Who was your favorite character and why?
once i'd downloaded the book a couple of illnesses attached themselves to my heels like the hounds of hell, a viral infection akin to a flu and some other thing to do with my bladder and kidneys, like a sinus and cosine wave swinging together, and i was really badly ill for a couple of weeks and i could not even begin to listen to "hunger" without drifting straight off into algebra land.
Have you listened to any of Kevin Foley’s other performances before? How does this one compare?
what i liked about the cover illustration on this one was that you could count the knobs on the backbone of the guy in the picture. i used to look pretty much like that, myself, and i also knew what hunger was.
Did you have an extreme reaction to this book? Did it make you laugh or cry?

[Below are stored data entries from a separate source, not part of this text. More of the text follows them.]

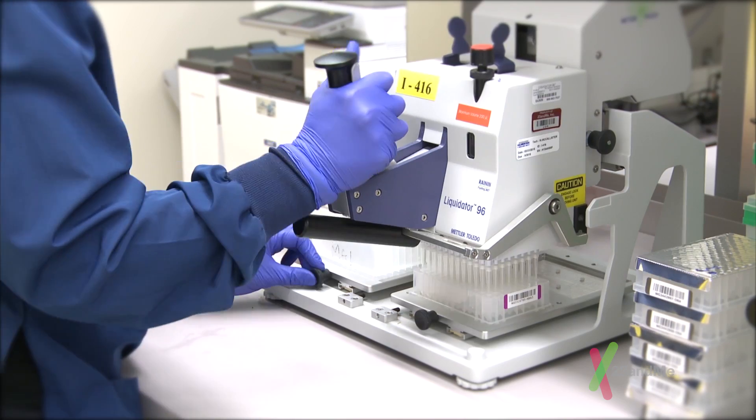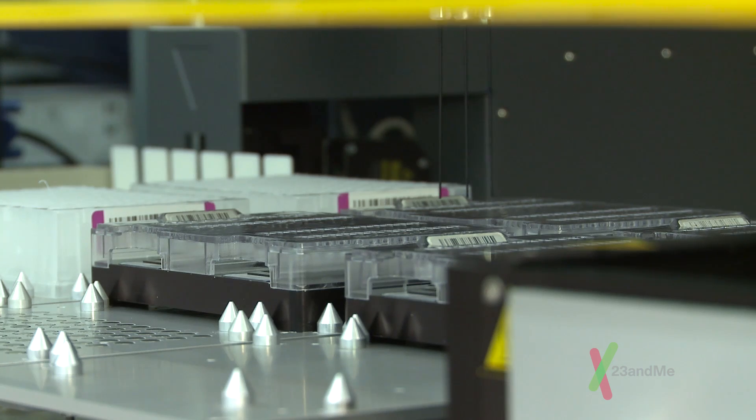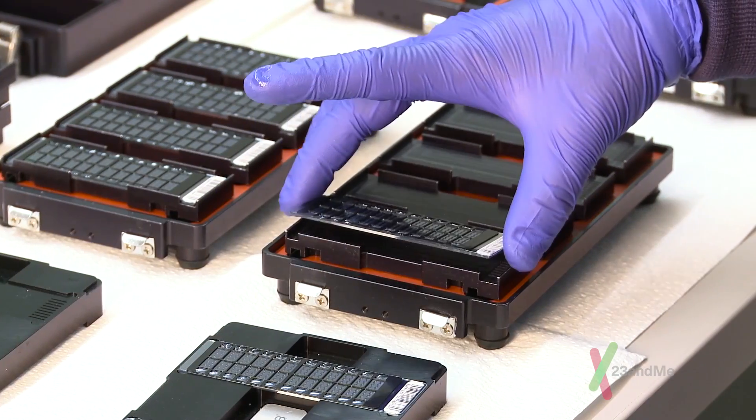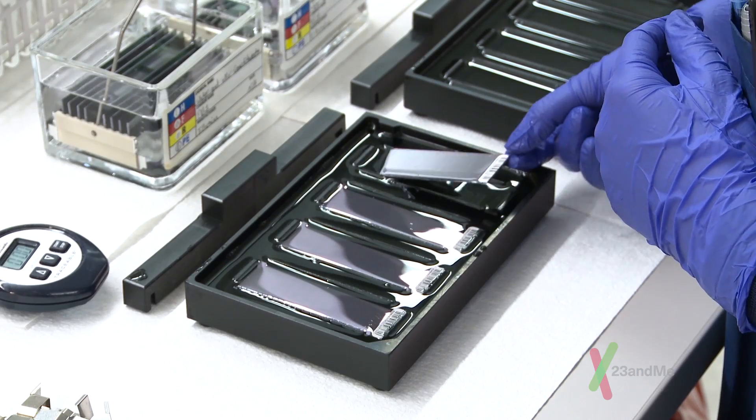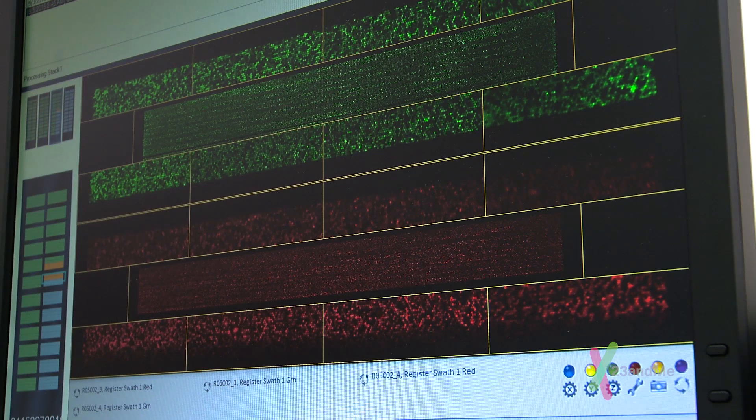What 23andMe offers is called a genotyping analysis. Instead of looking at all 3 billion base pairs, we look at around 600,000 positions called SNPs. While not as comprehensive as a sequencing analysis, genotyping can still give you a pretty good idea about what your genetics can tell you.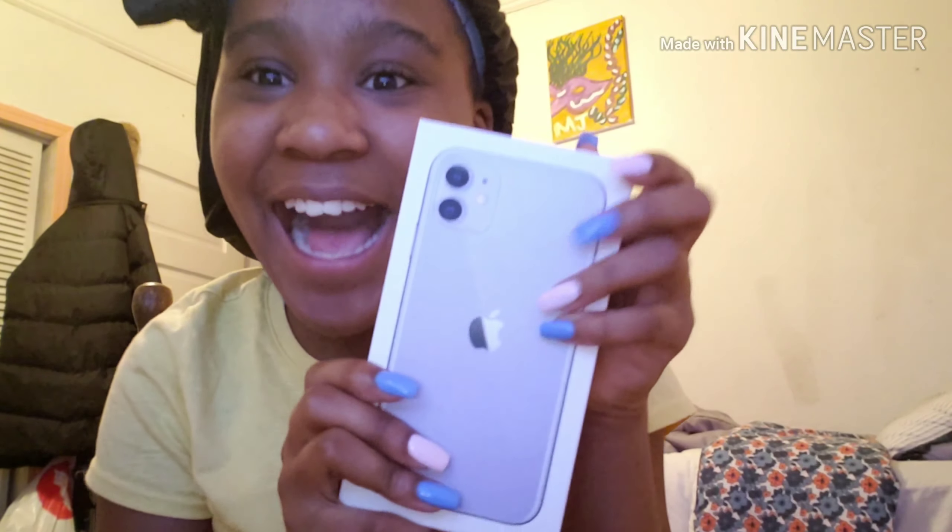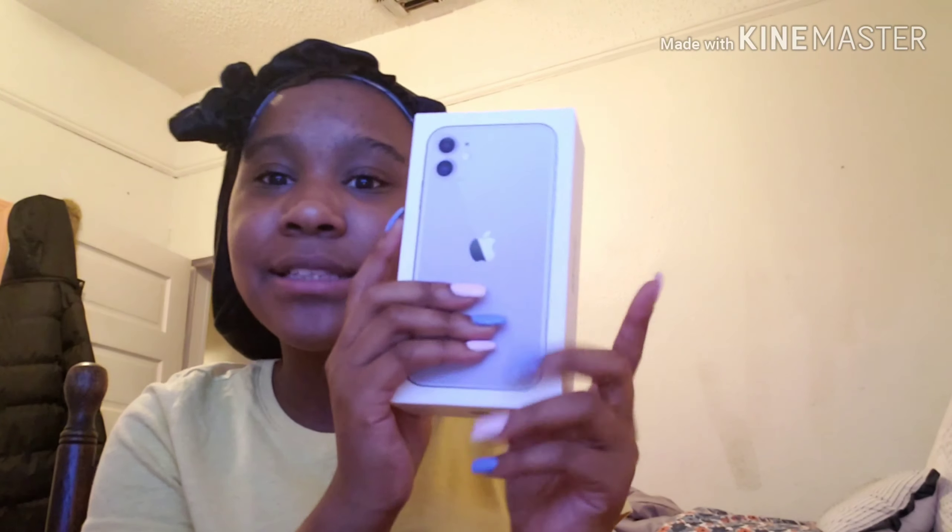I'm so excited because I never thought this moment would happen in my life. For Christmas I got the iPhone 11 64 gigabyte. I already opened it, but I'm sorry guys I had to open it because I had to set it up in the store, but we're gonna reenact this unboxing for you guys. I got this super cool glitter non-toxic glitter case.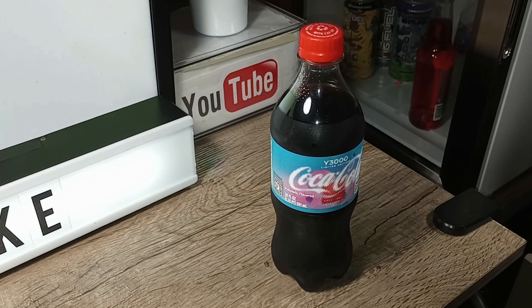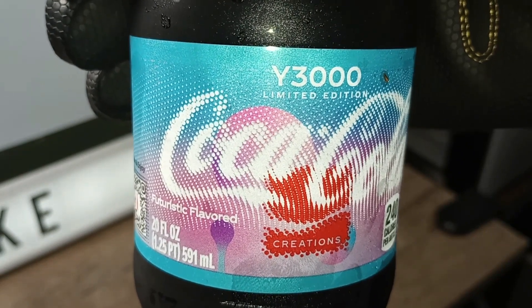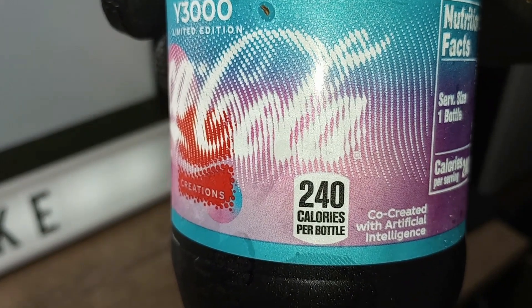Here we have Coca-Cola Y3000, limited edition, 240 calories per bottle.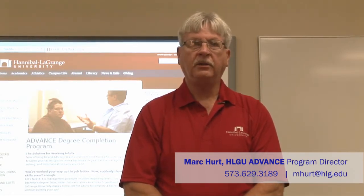Once your enrollment is complete, you will be assigned a student ID, which will allow you access to the student portal for your class curriculum. If you have any questions, please don't hesitate to call me at 573-629-3189 or email me at mhert@hlg.edu. We look forward to helping you finish your bachelor's degree. Thank you.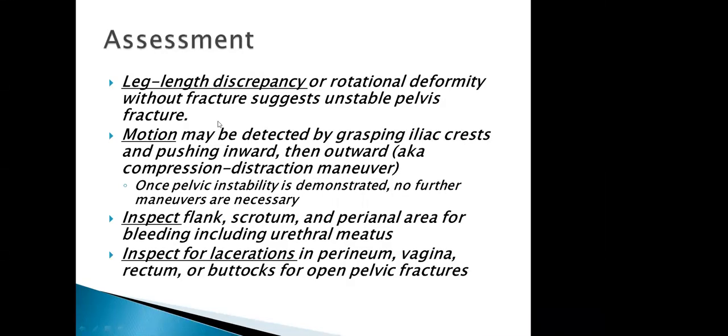When you assess pelvic injury, look at leg length — is one leg longer than the other? Detect motion by grasping the iliac crest; don't rock it, just grasp and feel. Inspect the back. Pay close attention to the flank, scrotum, perianal area, and urethral meatus for bleeding. This is something many paramedics miss. You don't have to do a pelvic exam with a speculum, but if you see blood, figure out where it's coming from.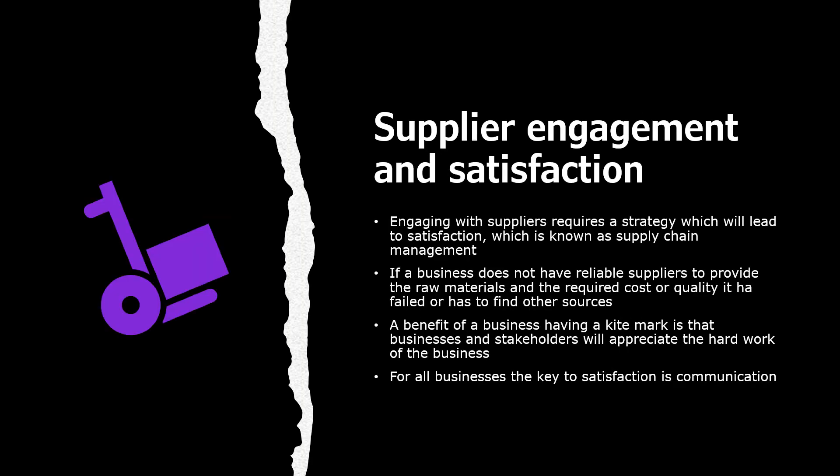Supplier engagement and satisfaction. Engaging with suppliers requires a strategy which will lead to satisfaction, known as supply chain management. If a business does not have reliable suppliers to provide raw materials at the required cost or quality, they have failed or must find other sources. A benefit of a business having a kite mark is that businesses and stakeholders will appreciate the hard work of the business. The key to satisfaction is good communication.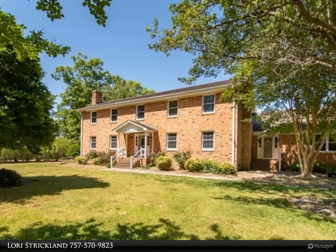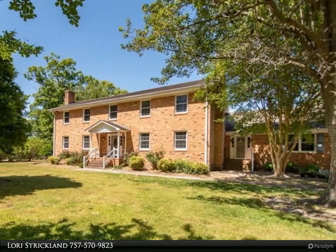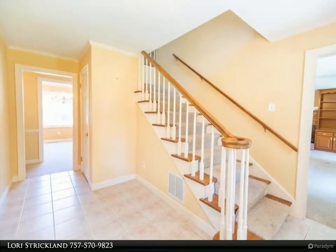This Berkshire Hathaway Home Services Town Realty property video is presented by Lori Strickland. Waterfront and deep water access and huge salt water pool.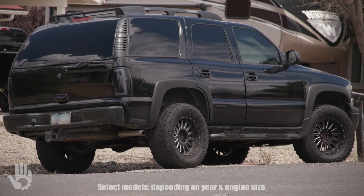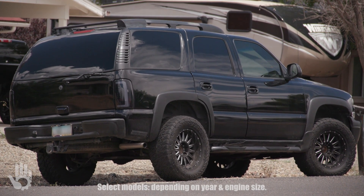Your Chevy Tahoe transmission works great with the engine cold, but shortly after the engine warms up, the transmission loses all forward gears and reverse.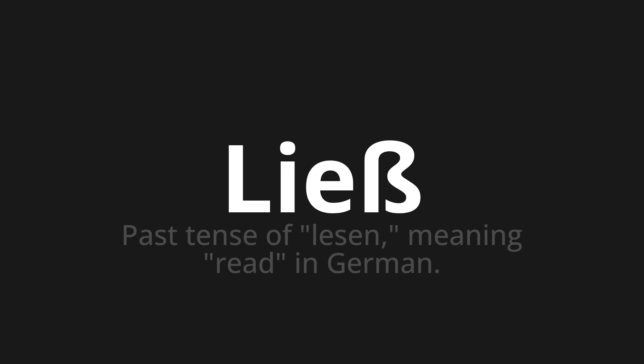Remember, language is a journey, not a destination. Keep exploring, experimenting, and expanding your linguistic horizons. We'll see you next time.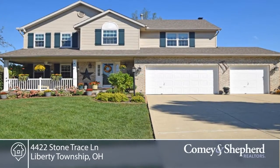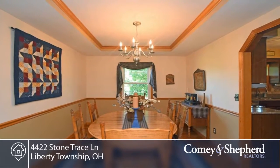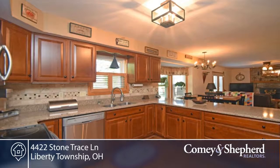Here's an absolutely gorgeous home nestled on a beautiful park-like lot with an inviting front porch. There's a dramatic entry and stunning hardwood floors throughout the first and second floor.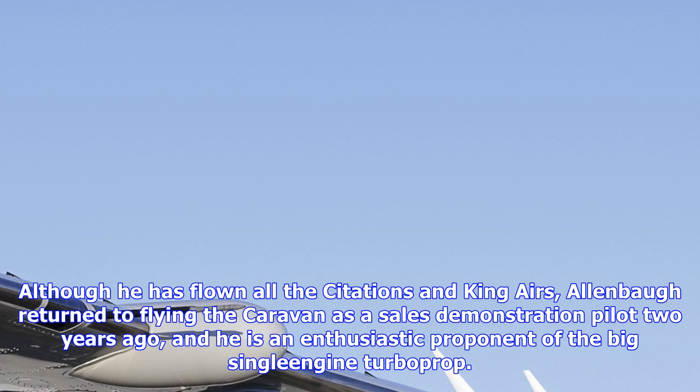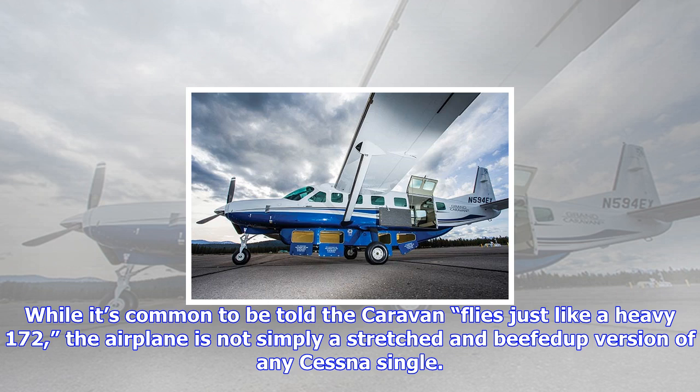While it's common to be told the Caravan flies just like a heavy 172, the airplane is not simply a stretched and beefed-up version of any Cessna single. The configuration may be similar — there aren't many options when it comes to designing a tricycle gear single-engine turboprop for rough field operations — but the Caravan employs many features found on larger airplanes.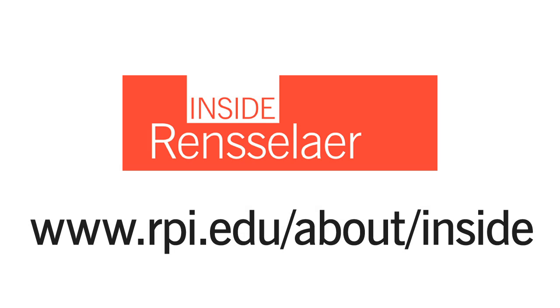And that's it for this issue of Inside Rensselaer. For these stories and more, go to www.rpi.edu/about/inside. Thanks for listening.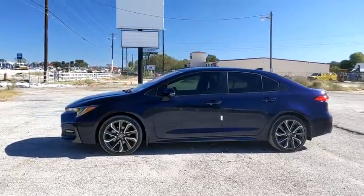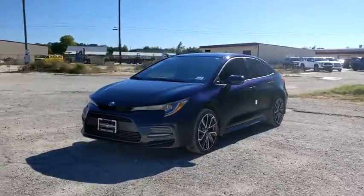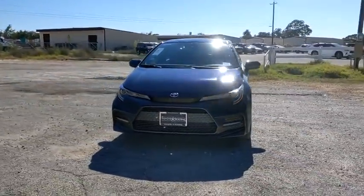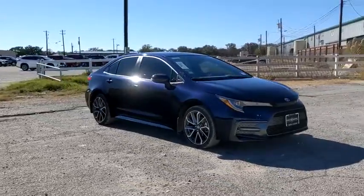Stop by and take a look at the 2021 Toyota Corolla. The Corolla is still a great option for those who want dependability, comfort, and value. Here are some of this vehicle's great options.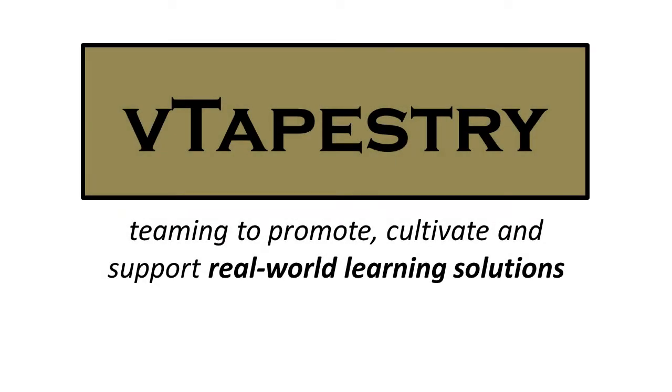VTapestry – Teaming to promote, cultivate, and support real-world learning solutions.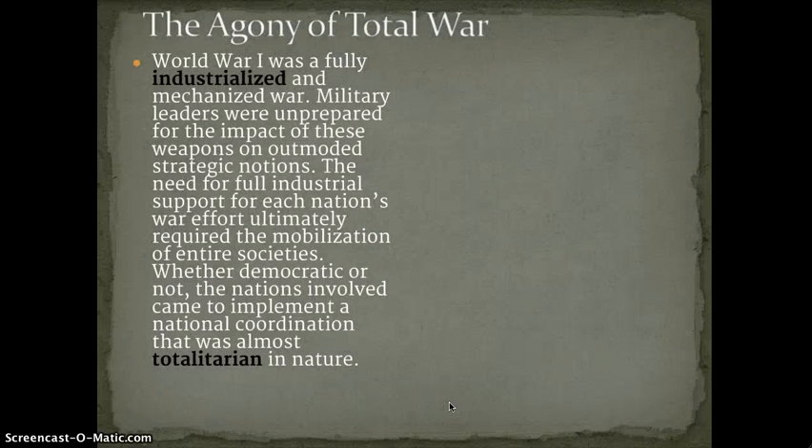This war of attrition, where so many resources were being poured into it, became a total war. World War I was a fully industrialized and mechanized war. Military leaders were unprepared for the impact of these weapons on outmoded strategic notions. The need for full industrial support ultimately required the mobilization of entire societies — whether democratic or not, nations implemented a national coordination that was almost totalitarian in nature.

i listened to about five minutes of the reading before i ordered it, so i knew i was going to like the book. i'm still looking forward to actually hearing the whole thing, seeing as how i never managed to get into any hamsun ever before --- as a point of connection, too, with my mother who has long since passed to the other side.
Any additional comments?
am i imagining it to be a riotous laugh? something like "laughing gas" by wodehouse? not really. i can always go back to wodehouse, or kipling's "kim" or some other book. for the time being, this is the one i want to try and get my head around of, for whatever reason. or for whatever it is the reason that's there is trying to tell me.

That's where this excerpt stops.